In a series of articles byEconomist who try to imagine what the future will be like, entitled “What if?”, the imaginary winner of the Nobel Prize for Medicine of 2036 is YULYA, an artificial intelligence that has saved 4 million lives thanks to the overcoming of the antibiotic problem -resistance, the phenomenon whereby many bacteria resist the activity of antibiotics making them ineffective.
In general, artificial intelligence is the science that deals with how to create intelligent machines, and that has found in the possibilities offered by information technology the most practical way to obtain this result. The ultimate goal of artificial intelligence is to make software, which in turn have been called artificial intelligences, capable of achieving goals and solving problems as a human being would. Or rather, in some cases.
In the scenario imagined byEconomist, in 2034 YULYA – designed to develop new cancer treatments – is accidentally allowed access to a huge database of drug studies. In this way it is able to improve its knowledge on antibiotic resistance, finding new combinations of drugs and thus solving a problem currently considered by health authorities as a serious threat. It is obviously a fictional story but it tries to hypothesize what will happen in the future based on the scientific evidence currently available.
It is not a foolish suggestion to think that in the future artificial intelligence can cure people or help predict disease: in recent years, doctors and researchers around the world have collaborated and discussed how to exploit such a powerful technological resource. They also evaluated its limits, possible distorting effects and errors, which also in the health sector depend on how this technology is structured and how many and what data is used.

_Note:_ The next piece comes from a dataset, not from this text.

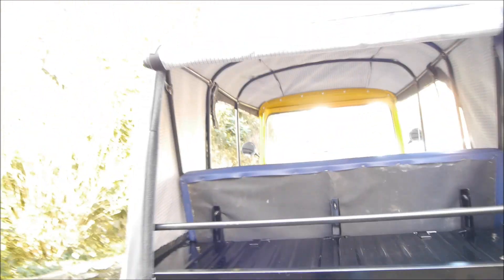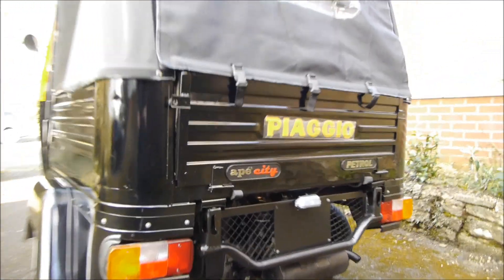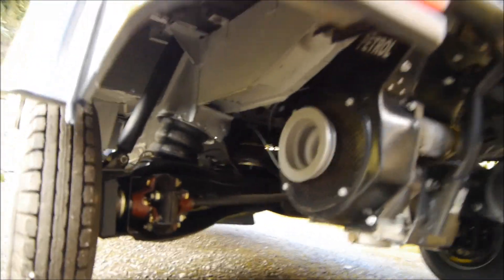275cc petrol. 285cc petrol. Scooter controls.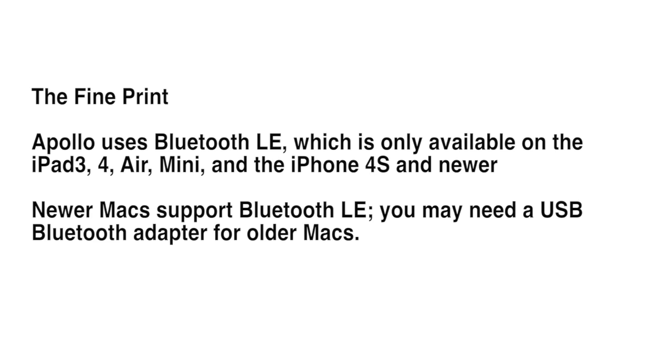Now for a little bit of the fine print: Apollo uses Bluetooth LE, which is only available on the iPad 3, 4, Air, and Mini, and on the iPhone 4S and newer. Newer Macs support Bluetooth LE, but on older Macs you might need a USB Bluetooth adapter.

“Artificial intelligence can improve healthcare and medicine around the world, but only if ethics and human rights are put at the center of its design, implementation and use”, reads the report “Ethics and governance of the ‘artificial intelligence for health‘ published at the end of June by the World Health Organization (WHO) and the result of a two-year consultation between experts.
Although often perceived with a science fiction or dystopian meaning, artificial intelligence is already used in many disciplines of medicine as a support tool to improve judgment and in general the work of doctors. The main fields of application are diagnostics, the development of new drugs and vaccines, rehabilitation and telemedicine. It is useful in analyzing images for radiological diagnosis in oncology, especially for chest radiographs, colonoscopies, mammograms, brain CT scans; it is also used for non-radiological examinations, in dermatology and in ophthalmology, and helps to shorten the analysis time (sequencing) of RNA and DNA.

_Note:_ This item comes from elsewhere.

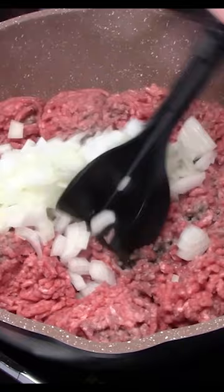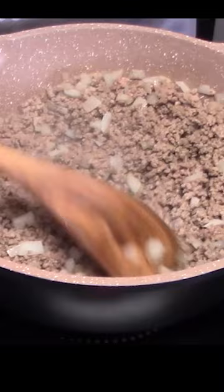Ground beef is nice and browned up. Now what I'm going to do is drain it. Turn off the heat. Start turning this into a Big Mac.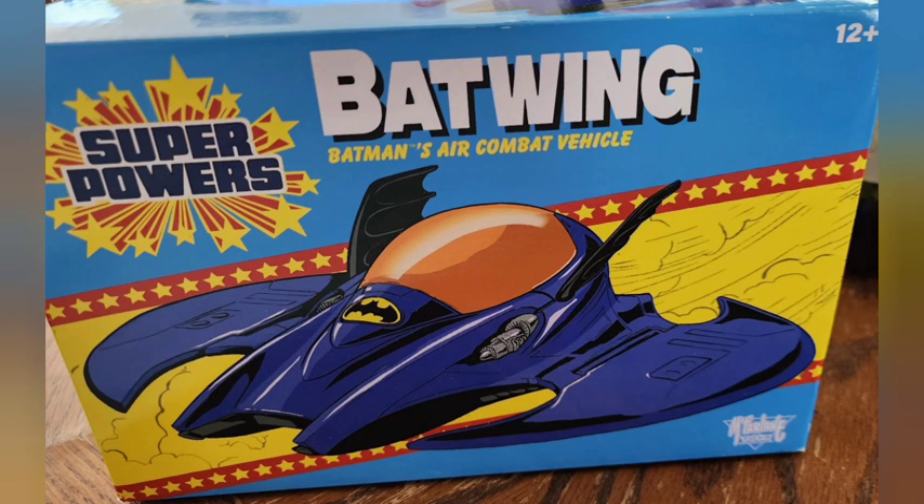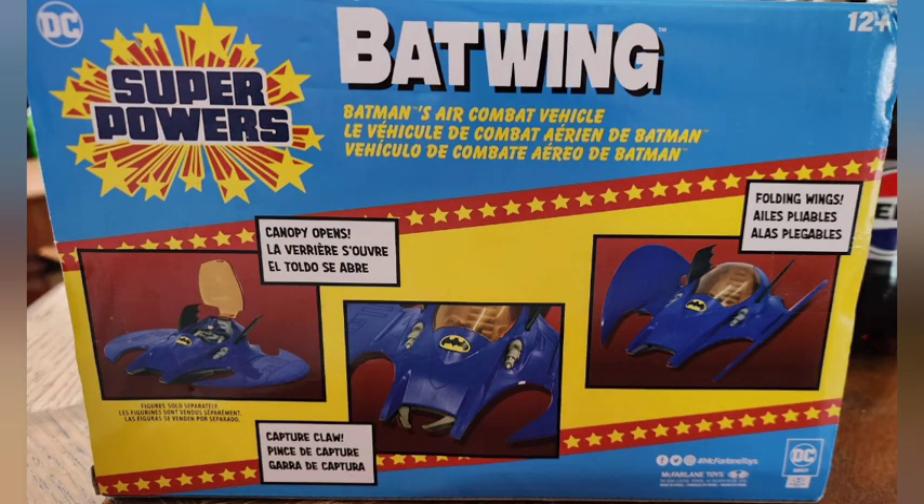Sage Forstaken here. Today we're looking at the Superpowers Batwing. Classic design on the artwork on the box.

There are many possible developments: it could allow doctors to identify events of a certain severity such as stroke, breast cancer, coronary heart disease, pneumonia and diabetes early on. Even in the case of full-blown illness, artificial intelligence could be used to integrate patient medical records during the study of a cure or to obtain more detailed information before making delicate treatment decisions such as hospitalization or surgery.
Technology can also improve communication between healthcare facilities, family doctors and patients, and through constant monitoring help sick people have more awareness and control of their health conditions, of how and when to take drugs, of how important it is. have a healthy diet and regular physical activity.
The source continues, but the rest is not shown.